Task details: Transcribe exactly the portion of the listing below that runs from the line containing "Италијанката Брињоне го" through its last line.

Collected material:
[Start of section]
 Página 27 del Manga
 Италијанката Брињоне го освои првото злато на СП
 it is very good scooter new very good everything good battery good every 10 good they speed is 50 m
[End of section]
Written answer:
 Италијанката Брињоне го освои првото злато на СП
 it is very good scooter new very good everything good battery good every 10 good they speed is 50 m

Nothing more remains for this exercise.